Plus some chicks really dig scars...

 

Good Luck.

  • Like 1
  • Author
Posted
If only professionals and financially secure people were allowed to be in relationships then only half of us would be in one, right!

 

That being said I think you need to revise your life's plan. It's cute at 21 to want to be an artist and live at mom's but not so cute at 31. You need to have a plan B and this plan B is to have a job that can allow you to live on your own and provide for all of your needs then you take your dream and make it something you want to acheive on the side.

 

I don't know if you've been to school? if not get yourself back to school and study something that will give you a job with a good pay. You don't need to look far, over here a trade job of 18 months will pay you $25+ per hour: Welder, electrician, plumber, painter, name it.

 

You are at a cross road here. It's really hard at 40 to make a life change. Do it now. After 35 you'll see no women want to date starving artists living under mom's roof.

 

 

This is a BIG reason why I HATE describing myself as an "artist" or aspiring artist.
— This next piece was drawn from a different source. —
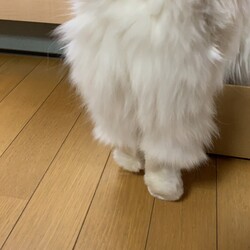 「近況」サムネイル3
Unless your actually doing something professionally just another way of saying dreamer.

Posted

The reality is very few make it big as an artist in anything and usually make it big when they are dead. Most famous artists were poppers living on someones couch. I was an artist too many years ago, even had the education for it. I ended up doing something totally different that actually paid the bills. It's a struggle for sure.